PhyloBuilder is designed to assist biologists in phylogenomic analysis of a protein, starting with the identification of family members (homologs), and proceeding to multiple sequence alignment and phylogenetic tree construction. The PhyloBuilder "pipeline" combines many of Berkeley Phylogenomics Group's tools to create a protein family based on your own protein of interest. These tools include the FlowerPower algorithm (see below), used to identify protein family members; and the SCI-PHY program (see below), used to identify groups of proteins ("subfamilies") within your protein family that have close evolutionary and functional relationships. More information.
FlowerPower is a protein homology clustering algorithm, similar to PSI-BLAST in its iterated approach to alignment, profile construction, and homolog identification, but with distinct differences. FlowerPower includes phylogenetic tree construction, subfamily identification, and subfamily HMM construction in the clustering and alignment process. This enables FlowerPower to avoid some of the common pitfalls of protein clustering methods (particularly profile drift). FlowerPower can also be parameterized for use in phylogenomic analysis for protein functional classification, where global-global alignment of all proteins in the set is required for accuracy of molecular function inference.
SCI-PHY is Berkelely Phylogenomics Group's "Subfamily Classification In PHYlogenomics" program. Given a multiple sequence alignment, SCI-PHY uses a minimum-encoding-cost criterion to create subfamilies intended to represent proteins with close evolutionary and functional relationships. Outputs include subfamily definitions and hidden Markov models (HMMs) in both HMMER and UCSC SAM formats.

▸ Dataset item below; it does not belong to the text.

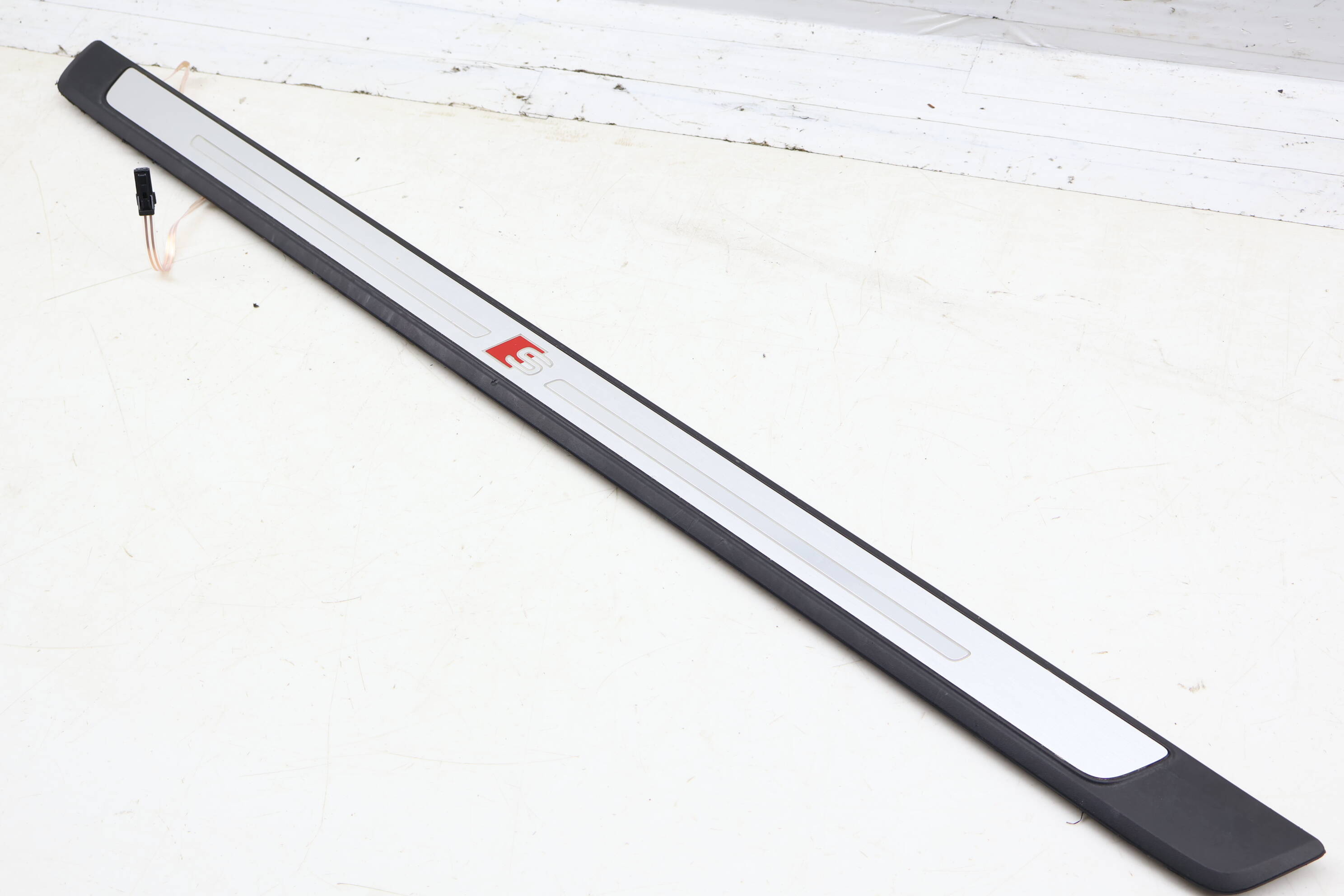 Door Sill / Scuff Panel / Light Bar (S) 8W6947417A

SATCHMO is Berkeley Phylogenomics Group's "Simultaneous Alignment and Tree Construction using Hidden Markov mOdels" program. SATCHMO simultaneously constructs a tree and a set of multiple sequence alignments, one for each internal node of the tree. The alignment at a given node contains all sequences within its sub-tree, and predicts which positions in those sequences are alignable and which are not.